Eine im Auftrag der DAK-Gesundheit erstellte Studie rechnet vor, dass dieser Anteil kurzfristig auf fast 37 Prozent steigen wird, falls die Bundesregierung nicht gegensteuert. Bundesgesundheitsminister Jens Spahn, CDU, will nun den pflegebedingten Eigenanteil auf monatlich 700 Euro und längstens 36 Monate begrenzen. Zudem will er die Länder dazu verpflichten, 100 Euro an Investitionskosten pro Person zu übernehmen.

"Das ist ein Schritt in die richtige Richtung", sagt Barbara Susec, die bei ver.di für Pflegepolitik zuständig ist. "Konsequent wäre es aber, alle Pflegekosten durch die Pflegeversicherung zu finanzieren. So war es bei deren Einführung 1995 ursprünglich auch gedacht." Selbst mit der geplanten Deckelung der Eigenanteile müsste noch ein Viertel der Bewohner*innen "Hilfe zur Pflege" beantragen.

ver.di macht sich für eine "Solidarische Pflegegarantie" stark, mit der alle Pflegerisiken abgedeckt werden – so wie die Krankenversicherung sämtliche Behandlungskosten übernimmt. Die Leistungen sollten so dynamisiert sein, dass sie entsprechend der Lohnentwicklung steigen. Um das leisten zu können, muss die Einnahmebasis der Pflegeversicherung erweitert werden – durch die Einbeziehung aller Einkommensarten. "Würde die Trennung zwischen privater und gesetzlicher Pflegeversicherung aufgehoben und die gesamte Bevölkerung solidarisch einbezogen, wäre die Vollversicherung gut finanzierbar", sagt Susec.

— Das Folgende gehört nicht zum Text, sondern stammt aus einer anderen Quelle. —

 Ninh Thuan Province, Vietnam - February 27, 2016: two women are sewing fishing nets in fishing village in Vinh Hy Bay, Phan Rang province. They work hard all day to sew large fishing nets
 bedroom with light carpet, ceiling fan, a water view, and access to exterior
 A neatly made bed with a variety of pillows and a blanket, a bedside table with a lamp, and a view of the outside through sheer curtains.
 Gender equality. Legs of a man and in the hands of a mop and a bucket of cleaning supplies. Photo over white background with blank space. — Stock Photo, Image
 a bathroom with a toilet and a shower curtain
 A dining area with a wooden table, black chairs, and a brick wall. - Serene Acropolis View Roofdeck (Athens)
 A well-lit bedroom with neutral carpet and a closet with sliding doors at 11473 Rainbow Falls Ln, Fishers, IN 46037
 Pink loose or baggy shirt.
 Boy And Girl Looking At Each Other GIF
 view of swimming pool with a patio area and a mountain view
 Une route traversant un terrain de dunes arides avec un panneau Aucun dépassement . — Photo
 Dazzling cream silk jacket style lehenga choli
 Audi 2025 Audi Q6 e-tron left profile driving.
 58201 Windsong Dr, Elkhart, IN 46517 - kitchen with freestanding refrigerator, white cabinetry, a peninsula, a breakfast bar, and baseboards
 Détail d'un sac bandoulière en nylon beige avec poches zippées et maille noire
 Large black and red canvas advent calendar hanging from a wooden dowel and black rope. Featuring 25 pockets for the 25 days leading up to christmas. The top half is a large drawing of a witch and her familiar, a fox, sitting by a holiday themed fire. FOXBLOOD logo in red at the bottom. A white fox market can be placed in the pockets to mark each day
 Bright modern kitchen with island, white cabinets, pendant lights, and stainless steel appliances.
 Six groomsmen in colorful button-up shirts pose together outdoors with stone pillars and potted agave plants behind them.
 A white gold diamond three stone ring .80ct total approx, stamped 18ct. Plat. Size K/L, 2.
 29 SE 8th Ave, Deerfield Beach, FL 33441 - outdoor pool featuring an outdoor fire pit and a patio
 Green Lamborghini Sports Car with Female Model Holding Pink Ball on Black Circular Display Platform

Für die große Mehrheit der bislang gesetzlich Versicherten würden die Beiträge laut wissenschaftlichen Berechnungen nur um durchschnittlich gut fünf Euro im Monat steigen. "Ein guter Preis dafür, dass man sich keine Sorgen mehr darüber machen muss, wie die Pflege im Alter bezahlt wird", findet die Gewerkschafterin. Zudem müssten die Bundesländer endlich ihrer Pflicht zur Finanzierung von Investitionen nachkommen. Deren Kosten betragen im Bundesdurchschnitt 455 Euro im Monat und werden bislang größtenteils den Bewohnerinnen und Bewohnern aufgebürdet.

"Eine Solidarische Pflegegarantie, bedarfsgerechte Personalvorgaben und eine bessere Bezahlung – das ist unser Plan für gute Pflege", sagt Sylvia Bühler. "Dafür machen wir gemeinsame Sache mit pflegebedürftigen Menschen und ihren Familien, mit Arbeitgeber*innen und Politiker*innen, die das Gemeinwohl im Sinn haben. Und natürlich mit allen Gewerkschafterinnen und Gewerkschaftern, die täglich für Solidarität und Gerechtigkeit streiten."